Example: Provide a header when the input file has no headers.
{
"header": "colA,colB,colC"
}
Example: Provide an alternate header when the input file has a corrupt header.
"header": "colA,colB,colC",
"skipHeader": "true"
}
Example: Use an alternate delimiter when fields are not separated by the default delimiter comma.
"delimiter": ";"
}
OR
"delimiter": "\\t"
}
Example: Skipping records that are not parseable instead of failing ingestion. This option to be used with caution as it can lead to data loss.
skipUnParseableLines: "true"
}
Example: Handling CSV files with no header, tab-separated fields, empty lines, and unparsable records.
"header": "colA,colB,colC",
"delimiter": "\\t",
"ignoreEmptyLines": "true",
"skipUnParseableLines": "true"
}
For a comprehensive list of available CSV record reader configurations, see the Pinot CSV documentation (opens in a new tab).
AVRO
Data Manager supports one configuration option in AvroRecordReaderConfig
:
enableLogicalTypes: Enable logical type conversions for specific Avro logical types, such as DECIMAL, UUID, DATE, TIME_MILLIS, TIME_MICROS, TIMESTAMP_MILLIS, and TIMESTAMP_MICROS.
"enableLogicalTypes": "true"
}
For example, if the schema type is INT, logical type is DATE, the conversion applied is a TimeConversion, and the value is V; then a date is generated V days from epoch start.
Parquet
For Parquet files, Data Manager provides the ParquetRecordReaderConfig with customizable configurations in Data Manager.
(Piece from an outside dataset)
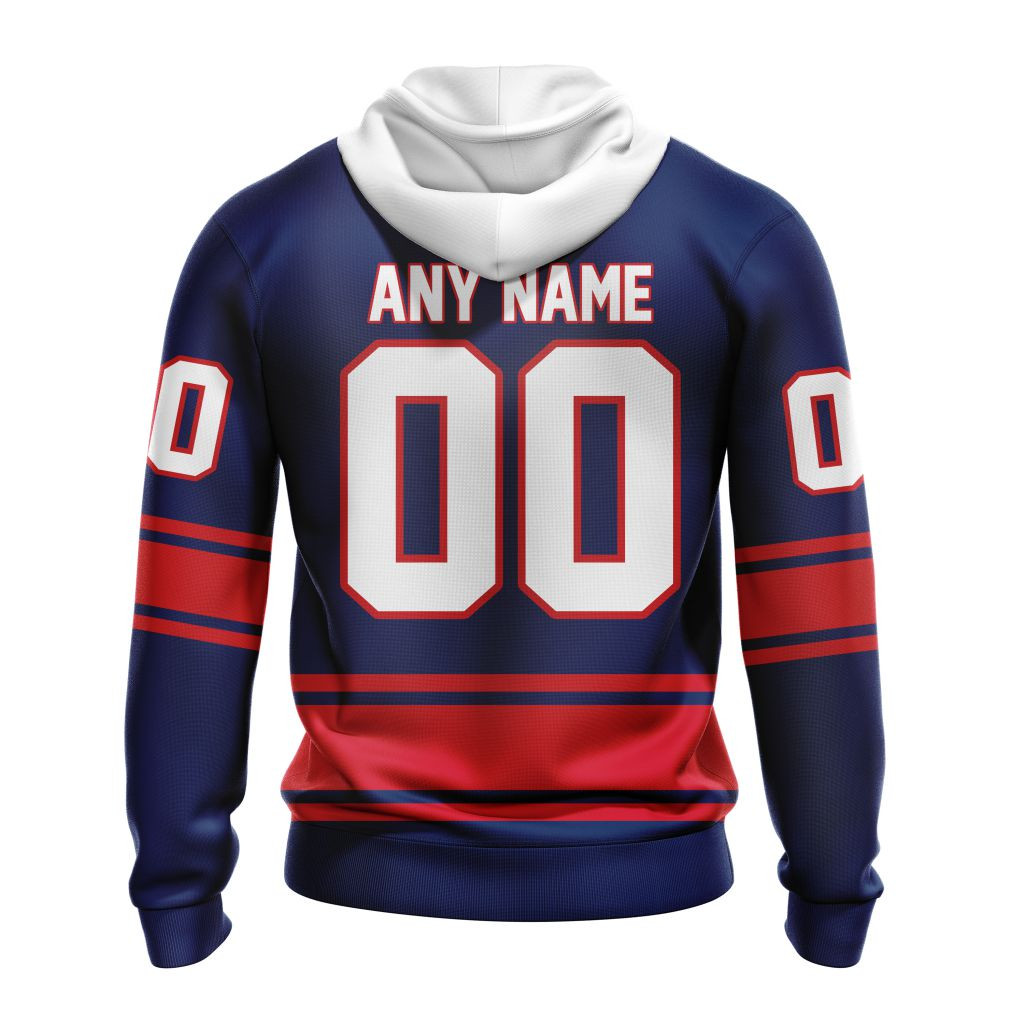 New York Giants | Personalized Reverse Retro Pattern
Use Parquet Avro Record Reader:
"useParquetAvroRecordReader" : "true"
}
When this config is used the parquet record reader used is: org.apache.pinot.plugin.inputformat.parquet.ParquetAvroRecordReader
Use Parquet Native Record Reader:
"useParquetNativeRecordReader" : "true"
}
When this config is used the parquet record reader used is: org.apache.pinot.plugin.inputformat.parquet.ParquetNativeRecordReader
JSON
The JSONRecordReader isn't a supported record reader configuration, so no customizations are possible.
ORC
The ORCRecordReader in Pinot does not support a record reader config, hence no customizations are possible.
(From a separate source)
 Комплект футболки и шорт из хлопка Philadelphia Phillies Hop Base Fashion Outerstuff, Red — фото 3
Streaming ingestion from Kafka
AVRO
The configurations for Kafka streaming ingestion are similar to those described in the Batch Ingestion section.
JSON
No specific record reader config is available for JSON in the streaming ingestion context.
PROTO
ProtoBufRecordReaderConfig exists in Pinot and the following configuration is possible.
"descriptorFile": "/path/to/descriptor/file"
}
Streaming ingestion from Kinesis
AVRO
Similar to Kafka streaming ingestion, the configurations for AVRO in Kinesis streaming ingestion are similar to those described in the Batch Ingestion section.
JSON
No specific record reader config is available for JSON in the Kinesis streaming ingestion context.
SQL ingestion from BigQuery
RecordReader configs are not applicable for this data source. DataManager UI does not expose a RecordReader config for this data source.
SQL ingestion from Snowflake
RecordReader configs are not applicable for this data source. DataManager UI does not expose a RecordReader config for this data source.